Task statement
Identify all lines below that hold "Colorful" and collect them.

*** Material for this exercise ***

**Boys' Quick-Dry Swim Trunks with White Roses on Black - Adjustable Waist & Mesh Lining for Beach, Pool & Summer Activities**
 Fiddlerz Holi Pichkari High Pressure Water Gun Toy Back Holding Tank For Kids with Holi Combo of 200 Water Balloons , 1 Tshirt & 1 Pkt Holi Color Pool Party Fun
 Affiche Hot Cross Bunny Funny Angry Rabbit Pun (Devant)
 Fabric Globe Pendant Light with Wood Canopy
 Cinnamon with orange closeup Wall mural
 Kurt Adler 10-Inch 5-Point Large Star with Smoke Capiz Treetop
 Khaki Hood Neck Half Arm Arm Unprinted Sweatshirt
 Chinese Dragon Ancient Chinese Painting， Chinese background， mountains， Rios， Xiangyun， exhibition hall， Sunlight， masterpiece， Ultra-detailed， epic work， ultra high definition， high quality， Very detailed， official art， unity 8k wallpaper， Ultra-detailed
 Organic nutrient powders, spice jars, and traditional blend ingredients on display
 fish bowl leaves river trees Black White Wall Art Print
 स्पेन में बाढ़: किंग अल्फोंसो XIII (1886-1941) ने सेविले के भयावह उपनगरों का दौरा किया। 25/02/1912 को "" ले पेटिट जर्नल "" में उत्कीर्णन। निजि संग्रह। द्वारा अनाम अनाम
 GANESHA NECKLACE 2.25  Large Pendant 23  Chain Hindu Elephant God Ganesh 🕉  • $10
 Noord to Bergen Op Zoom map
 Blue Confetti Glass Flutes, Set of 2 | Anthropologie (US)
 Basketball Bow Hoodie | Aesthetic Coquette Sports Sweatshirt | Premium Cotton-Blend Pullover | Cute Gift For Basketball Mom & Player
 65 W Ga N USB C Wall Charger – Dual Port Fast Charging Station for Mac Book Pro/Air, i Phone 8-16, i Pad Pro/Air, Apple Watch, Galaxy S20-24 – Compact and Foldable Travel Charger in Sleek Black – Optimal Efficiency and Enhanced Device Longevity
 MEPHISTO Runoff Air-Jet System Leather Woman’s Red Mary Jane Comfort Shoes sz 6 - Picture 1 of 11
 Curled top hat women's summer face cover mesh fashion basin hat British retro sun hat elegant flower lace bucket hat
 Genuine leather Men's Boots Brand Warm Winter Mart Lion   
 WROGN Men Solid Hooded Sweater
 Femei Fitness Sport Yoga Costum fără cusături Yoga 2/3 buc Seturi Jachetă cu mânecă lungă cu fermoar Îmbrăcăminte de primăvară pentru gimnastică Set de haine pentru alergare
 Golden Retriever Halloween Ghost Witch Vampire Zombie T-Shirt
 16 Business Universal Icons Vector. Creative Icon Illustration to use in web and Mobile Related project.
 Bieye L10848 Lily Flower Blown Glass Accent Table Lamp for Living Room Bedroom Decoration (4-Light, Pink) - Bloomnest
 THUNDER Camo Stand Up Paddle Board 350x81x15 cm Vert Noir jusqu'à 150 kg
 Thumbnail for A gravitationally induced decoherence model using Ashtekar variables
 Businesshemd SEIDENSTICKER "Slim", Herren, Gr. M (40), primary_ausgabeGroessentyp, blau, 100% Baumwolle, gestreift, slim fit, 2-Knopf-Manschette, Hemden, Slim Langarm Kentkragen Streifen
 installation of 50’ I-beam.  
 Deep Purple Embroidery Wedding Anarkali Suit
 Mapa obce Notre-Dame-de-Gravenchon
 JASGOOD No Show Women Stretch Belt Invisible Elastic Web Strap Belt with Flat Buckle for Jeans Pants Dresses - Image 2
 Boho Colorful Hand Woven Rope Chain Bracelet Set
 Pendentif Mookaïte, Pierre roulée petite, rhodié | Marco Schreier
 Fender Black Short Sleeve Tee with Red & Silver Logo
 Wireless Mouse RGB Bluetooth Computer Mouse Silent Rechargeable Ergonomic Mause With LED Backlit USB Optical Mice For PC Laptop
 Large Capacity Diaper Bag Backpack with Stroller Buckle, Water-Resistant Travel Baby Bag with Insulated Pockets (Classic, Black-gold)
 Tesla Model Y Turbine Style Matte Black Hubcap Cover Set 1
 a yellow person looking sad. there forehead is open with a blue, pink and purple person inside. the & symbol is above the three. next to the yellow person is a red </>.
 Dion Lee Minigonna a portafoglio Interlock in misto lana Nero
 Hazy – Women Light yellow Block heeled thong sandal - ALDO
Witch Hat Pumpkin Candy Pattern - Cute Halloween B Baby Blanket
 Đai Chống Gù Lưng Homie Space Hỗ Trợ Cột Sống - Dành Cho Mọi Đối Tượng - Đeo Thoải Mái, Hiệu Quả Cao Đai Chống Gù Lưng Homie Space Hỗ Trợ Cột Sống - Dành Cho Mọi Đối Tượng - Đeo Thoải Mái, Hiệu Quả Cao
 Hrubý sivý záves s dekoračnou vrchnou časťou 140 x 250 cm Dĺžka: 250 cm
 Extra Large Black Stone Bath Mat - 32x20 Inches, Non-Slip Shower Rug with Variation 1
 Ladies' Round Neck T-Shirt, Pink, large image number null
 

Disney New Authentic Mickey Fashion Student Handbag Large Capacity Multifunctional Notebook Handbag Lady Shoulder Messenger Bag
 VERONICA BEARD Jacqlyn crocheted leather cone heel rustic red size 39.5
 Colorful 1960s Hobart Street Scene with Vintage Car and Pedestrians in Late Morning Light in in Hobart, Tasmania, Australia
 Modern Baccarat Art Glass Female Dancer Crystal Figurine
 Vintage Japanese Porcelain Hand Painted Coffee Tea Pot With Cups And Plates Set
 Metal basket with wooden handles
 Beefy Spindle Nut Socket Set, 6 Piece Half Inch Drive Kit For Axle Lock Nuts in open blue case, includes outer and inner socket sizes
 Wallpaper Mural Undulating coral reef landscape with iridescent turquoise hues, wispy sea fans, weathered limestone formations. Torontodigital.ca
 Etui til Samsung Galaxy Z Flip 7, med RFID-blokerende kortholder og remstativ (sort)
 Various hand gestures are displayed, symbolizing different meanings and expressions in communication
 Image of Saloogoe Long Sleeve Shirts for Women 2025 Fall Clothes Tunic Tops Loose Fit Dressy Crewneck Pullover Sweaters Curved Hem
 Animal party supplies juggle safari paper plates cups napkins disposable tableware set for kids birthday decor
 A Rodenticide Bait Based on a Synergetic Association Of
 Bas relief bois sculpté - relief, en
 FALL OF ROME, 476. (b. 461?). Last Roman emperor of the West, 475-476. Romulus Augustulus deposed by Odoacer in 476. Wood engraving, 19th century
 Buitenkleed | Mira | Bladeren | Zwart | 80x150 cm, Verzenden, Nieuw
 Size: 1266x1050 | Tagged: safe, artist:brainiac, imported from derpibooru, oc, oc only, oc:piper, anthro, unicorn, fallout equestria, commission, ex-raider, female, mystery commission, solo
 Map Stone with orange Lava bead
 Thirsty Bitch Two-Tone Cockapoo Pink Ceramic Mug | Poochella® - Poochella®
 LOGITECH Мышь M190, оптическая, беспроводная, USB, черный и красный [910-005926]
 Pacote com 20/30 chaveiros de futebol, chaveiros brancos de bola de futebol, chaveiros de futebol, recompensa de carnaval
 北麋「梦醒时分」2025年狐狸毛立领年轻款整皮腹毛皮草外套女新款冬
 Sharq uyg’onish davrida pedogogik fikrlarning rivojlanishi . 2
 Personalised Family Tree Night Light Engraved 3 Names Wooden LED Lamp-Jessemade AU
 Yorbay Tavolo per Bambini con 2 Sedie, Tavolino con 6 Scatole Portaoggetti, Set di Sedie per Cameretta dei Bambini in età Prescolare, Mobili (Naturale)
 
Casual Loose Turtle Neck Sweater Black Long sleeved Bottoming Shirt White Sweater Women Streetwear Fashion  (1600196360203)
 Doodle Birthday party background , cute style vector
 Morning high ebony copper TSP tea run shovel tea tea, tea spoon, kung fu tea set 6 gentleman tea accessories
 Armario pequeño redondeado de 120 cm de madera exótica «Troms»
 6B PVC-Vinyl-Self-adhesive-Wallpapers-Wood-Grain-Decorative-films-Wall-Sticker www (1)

*** End of Material for this exercise ***

Problem solution
 Boho Colorful Hand Woven Rope Chain Bracelet Set
 Colorful 1960s Hobart Street Scene with Vintage Car and Pedestrians in Late Morning Light in in Hobart, Tasmania, Australia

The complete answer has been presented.